▸ **TASK OBJECTIVE**:
Every line from the start of the entries up to and including the one bearing "In this video, I" must be printed verbatim, without the pictures.

★ ★ ★ ★ ★

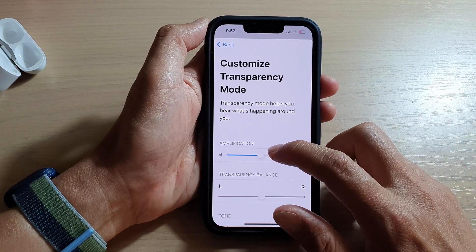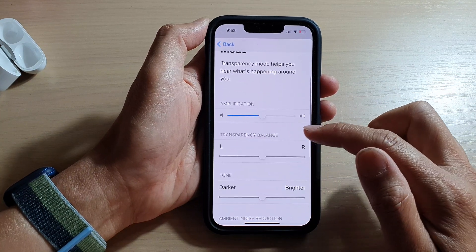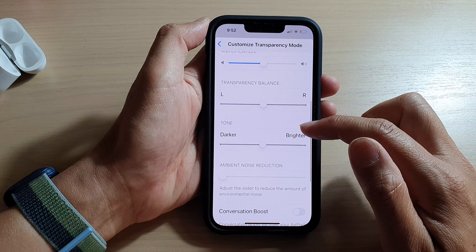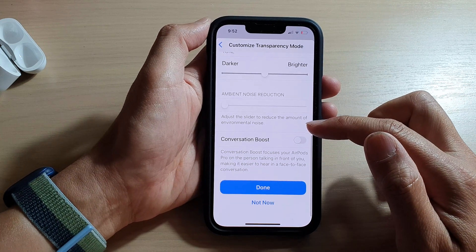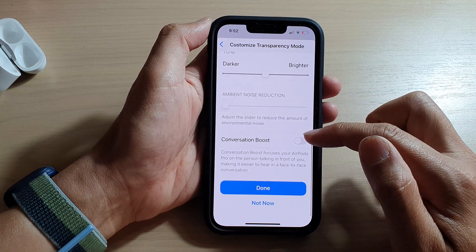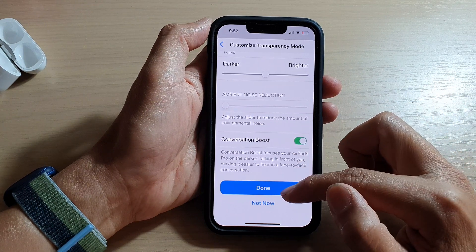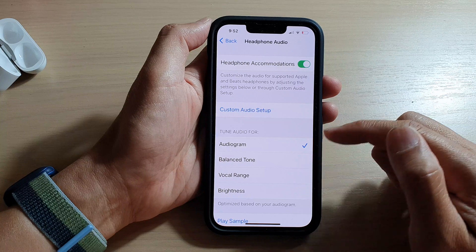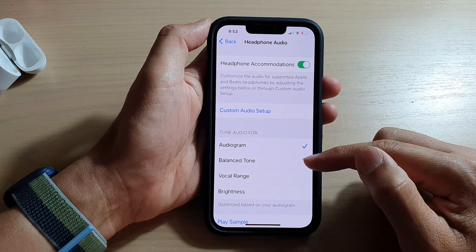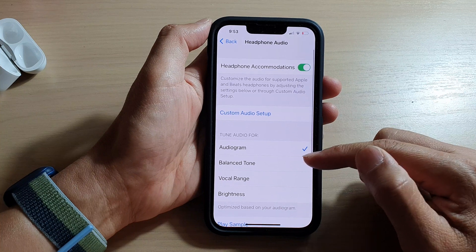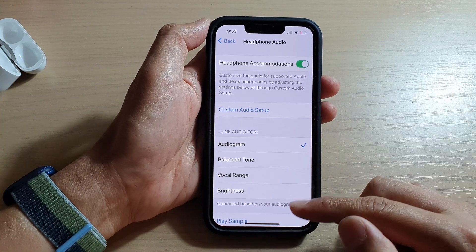In here you can see the amplifications, transparency balance, tone, ambient noise reduction, and conversation boost. I'm just going to tap Done now. Here we've got Tuned for Audiogram — we've just added an extra option in this headphone audio.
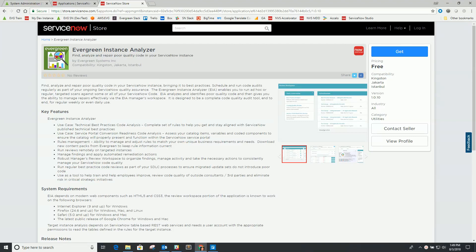In this video, I want to cover installation and general configuration of the Evergreen Instance Analyzer, or as we'll oftentimes refer to it as the EIA tool. You can download the EIA application from the ServiceNow store. It's a free application, and it has been certified for Kingston, Jakarta, and Istanbul. We'll also be certifying for London in the not too distant future.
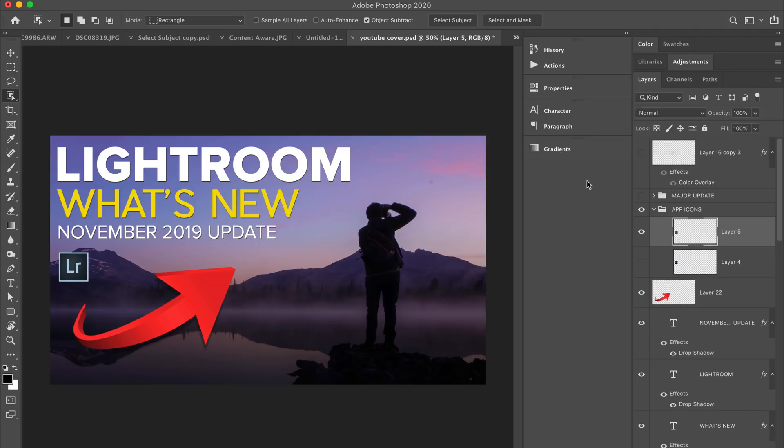Before I even introduce the video, I have to show you one of my favorite new features in Photoshop 2020 because it just, to me, it makes things so much easier, and that is the Zoom tool.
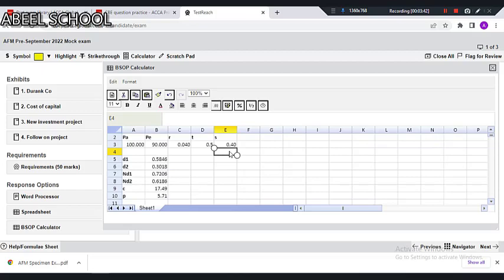You can see one thing: the value of the put is lower than the value of the call. The reason is that the value of the call option has both components — intrinsic value as well as time value. But the put has a lower value because the put value of 5.71 is only representing time value; it is not representing intrinsic value. Basically in the put, the intrinsic value is 0. The BSOP calculator is added and all you need is just put the values of PA, PE, R, S, T and you will get the results.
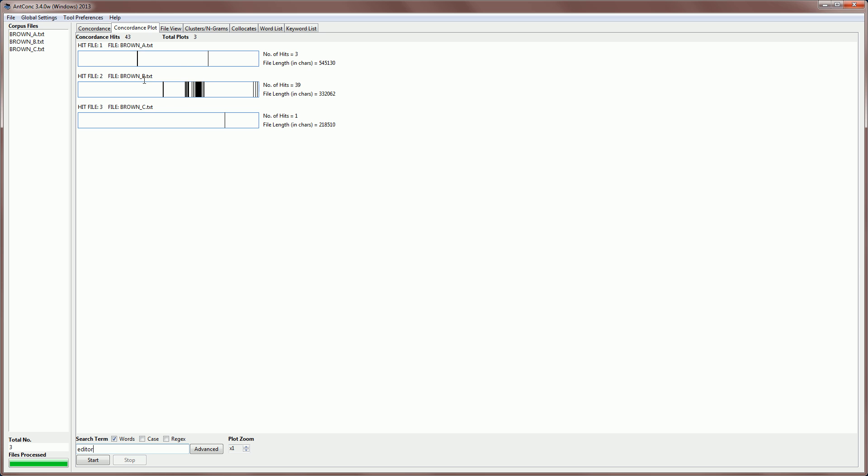So we know now that there are 43 hits for editor. They occur in all three texts, so the total plots is three. Some people may call that the range of the search.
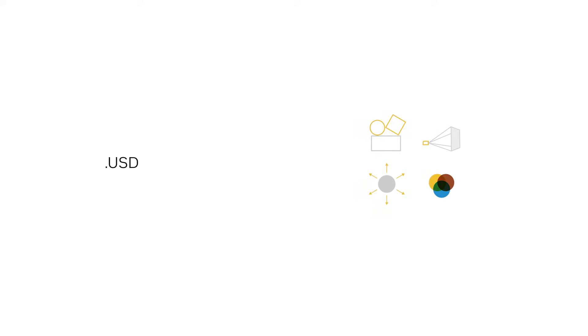USD file formats support a wide range of 3D data types, including meshes, cameras, lights and shaders.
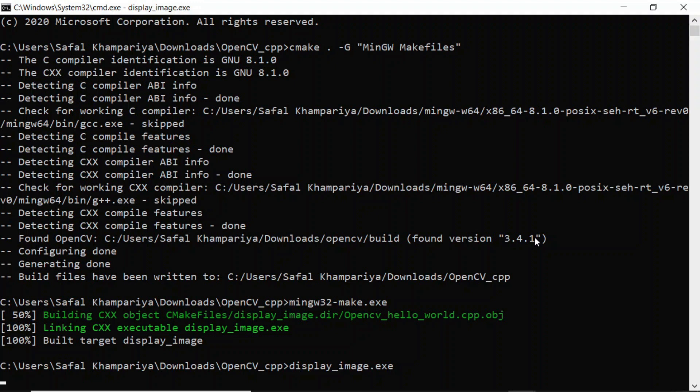So this was all about how to install CMake, OpenCV, and the MinGW compiler for running an OpenCV program in C++. That's it for today's video. I hope you learned something new today. If you liked it, please share it with your friends and subscribe to our channel.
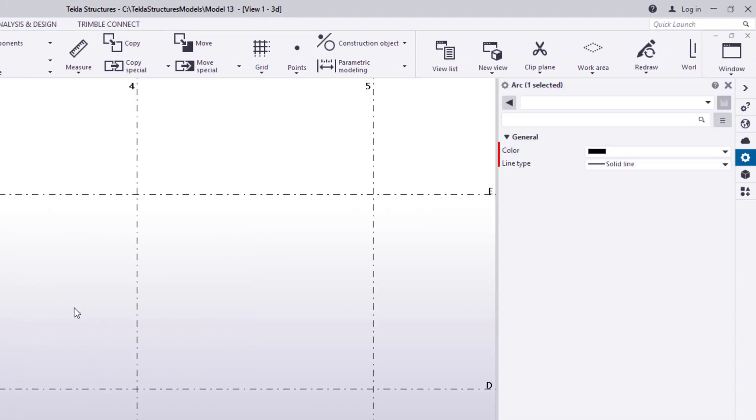Finally, double-click the arc to see its properties. You can change the color and line type by using these two settings.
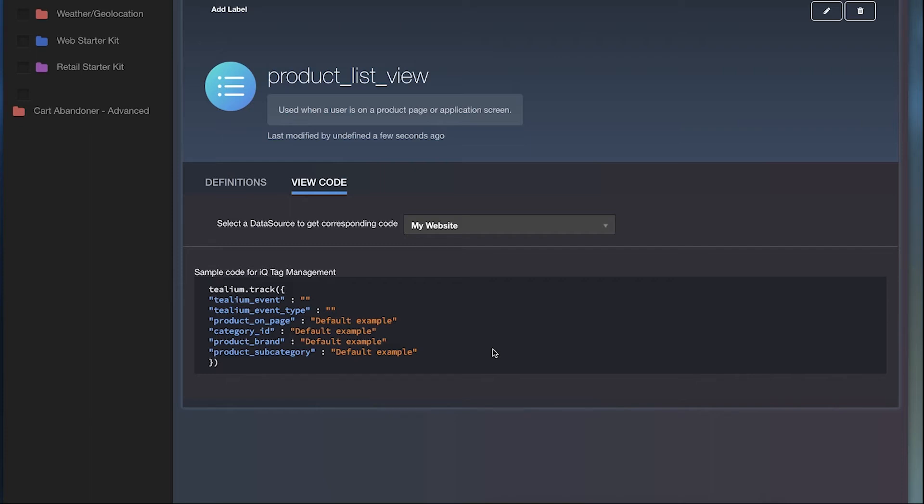Once you have your event specifications set up, you can see incoming data quality using the live events feature.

★ ★ ★ ★ ★

▸ **SOLUTION**:
In here you can see the amplifications, transparency balance, tone, ambient noise reduction, and conversation boost. I'm just going to tap Done now. Here we've got Tuned for Audiogram — we've just added an extra option in this headphone audio.
In this video, I want to cover installation and general configuration of the Evergreen Instance Analyzer, or as we'll oftentimes refer to it as the EIA tool. You can download the EIA application from the ServiceNow store. It's a free application, and it has been certified for Kingston, Jakarta, and Istanbul. We'll also be certifying for London in the not too distant future.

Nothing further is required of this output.